Initially the family had planned to use all of the profit from the sale to chip away at the mounting debts they had saddled the club with when they took over back in 2005, but when the documents detailing the proposed sale became public yesterday it appeared they had reneged on this and instead will pocket half of all monies raised.
The sale of the 10.2% of the club was meant to raise $333m, a fee that would go some way to decreasing the club’s huge debt of $664m (as of March 31st) instead just $121m will be used to bring the club out of arrears, just taking the debt from $664m to $543m.
As stated previously, the reaction to this news is surprising to me, not because I think what they have done is acceptable, but more so because their reprehensible actions should no longer shock us.
I’ve come to learn that fans of other teams incorrectly assume that we as United fans have only recently began to oppose The Glazers and their ownership of the club. Whilst the opposition has become more vocal in recent years, a large number of fans were against the takeover from the start and during their tenure as owners of the club we have seen why.
Mounting debts as well using the club as their own personal piggybank, their 7 years in charge has not made for easy viewing, at least not off field.
There are a number of transgressions that we could point to, to show how the Glazers have mismanaged one of football’s biggest and greatest institutions. For example it must have been a very merry Christmas in Casa De Glazer (I’m well aware they are Jewish) back in December 2008 when each off Malcolm’s 6 children ‘borrowed’ £1.66m. Or what about all the ‘management and administration fees’ paid to companies affiliated to The Glazers that total in the millions?
The Glazers have continually resisted offers to sell the club and it leads me to believe that this is one of the primary reasons, Manchester United have become a personal piggy bank to them and they would be crazy to relinquish this position of power considering United’s financial pull. But with the club so deep in the red they find themselves in their current position, having to auction off bits of the club in order to manage the rising debts.
United’s first trophyless season since 2005 hasn’t helped matters, crashing out of the Champions League at the group stage was an embarrassing failure and proved costly financially. Missing out on the league too will have hurt the books. And whilst the records will show it was purely by way of goal difference, the financial freedom of our parvenu neighbours Man City undoubtedly had a say in where the title ended up.
Whilst things have been bleak off field, on field it is a different story and this is where Sir Alex Ferguson’s legacy will be enhanced.
It is continually said he succeeds in spite of The Glazer’s ownership, and you have to agree considering what is being spent around us. The titles, European Cup and European Cup final appearances since 2005 will all stand Sir Alex in favourable stead when this period of his United career comes under scrutiny.

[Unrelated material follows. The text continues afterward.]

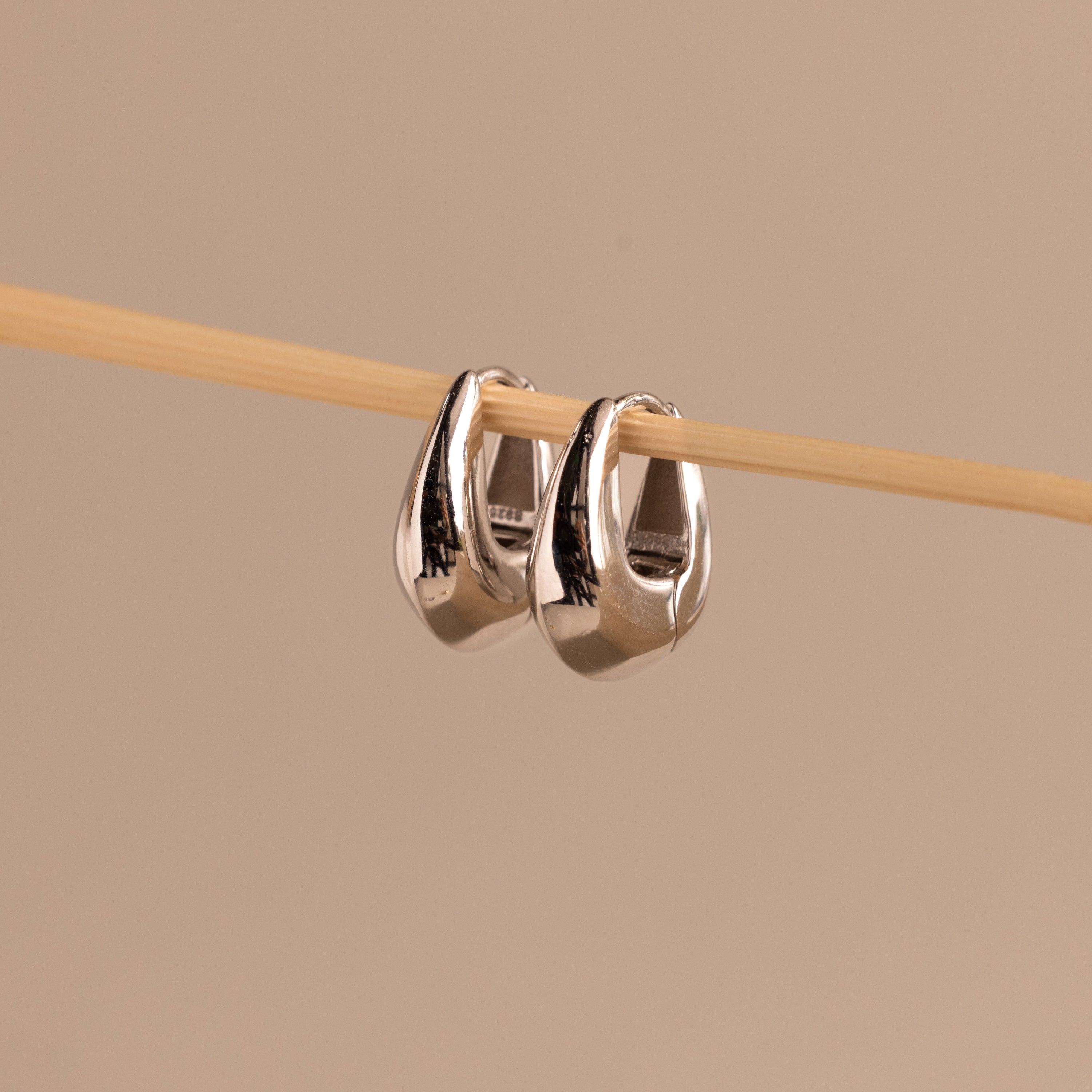 Close-up of a pair of polished silver oval-shaped huggie earrings hanging from a wooden rod.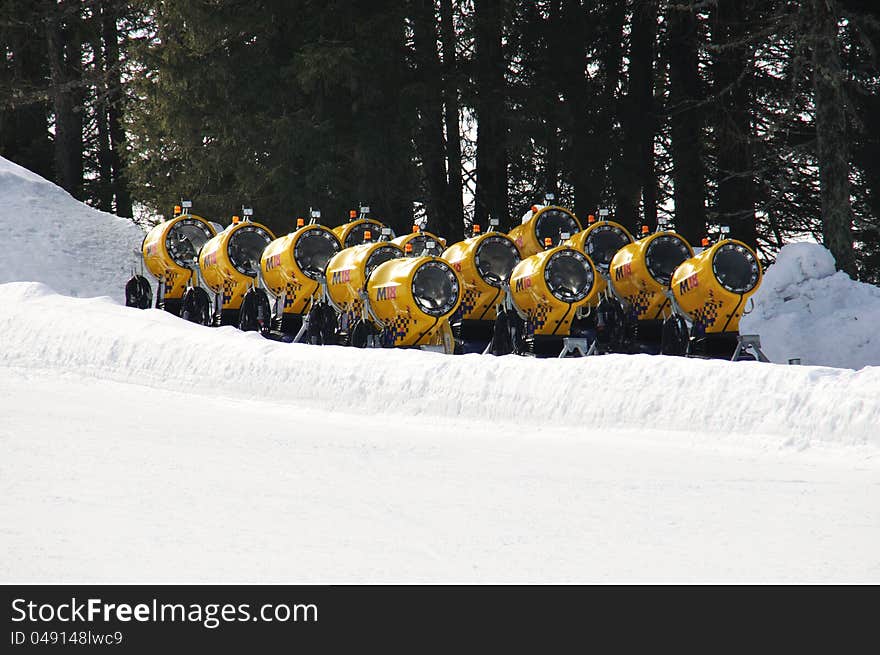 Snow cannons standing in a row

For some he has been harming his legacy with comments in support of the owner. The backlash has been ugly but I’m sure he knows that he could have been even more successful without them at the helm. It is idealistic to expect him to speak out against the owners now, but when he retires I, like many, look forward to what he has to say.
Back at the start of July when The Glazers finally came clean and admitted that their running of the club ‘could adversely affect our financial health and competitive position’, Ian Ladyman summed up the thoughts of most fans perfectly when he wrote in The Daily Mail*:
“Theirs, after all, is a football club that used to be totally self-financing, a club that turns over the type of money every one of their domestic rivals can only dream of, a club that has been listed by Forbes as the world’s richest for eight successive years.
“Yet this is also a club that – if and when the debt is cleared – will have lost more than £1billion to the Glazers’ highly leveraged take-over of 2005.
“It’s rather frightening to think where United might be now had even a fraction of that money been spent on Ferguson’s team.”
Ridiculous money has been spent on paying the debt, money that could have been used on improving the team. Whilst I wouldn’t expect us to run wild and spend money like it’s going out of fashion, that’s never been our style, I’d prefer if Sir Alex didn’t have to continually repeat the refrain of there being ‘no value in the transfer market’, because although this may partly be the case, it only tells half of the story. The Glazers’ mismanagement inevitably means we will struggle to compete financially and this is just as much of a problem.
It is a noble stance to take and I am happy we refuse to be held to ransom (£6m in agent fees to sign Eden Hazard is madness), but unfortunately it is currently the climate in the game and we have to face the sad reality that either we adapt to this or we get left behind.
This won’t happen immediately, Sir Alex is too good a manager to allow it, but the future looks bleak under The Glazers. It appears the noise of our neighbours Man City isn’t just going to die down, I don’t think anyone believed it would, and with their financial freedom, despite the Sheikh trying to rein spending in, and our perilous financial position, the thought of Sir Alex retiring in the coming years become a much more worrying prospect. Not every manager will be able to negotiate the minefield he has with the same success.
Despite the whole sum not going to paying off the debt burdening the club, the sale of shares will go some way to lowering it and we remain an attractive entity as seen by the deal we signed yesterday with new shirt sponsors Chevrolet, but this situation is becoming untenable. Imagine what will happen if success continues to elude us?
You just wonder at what point ,and in what state will the club be when The Glazers finally decide to call it a day and leave town?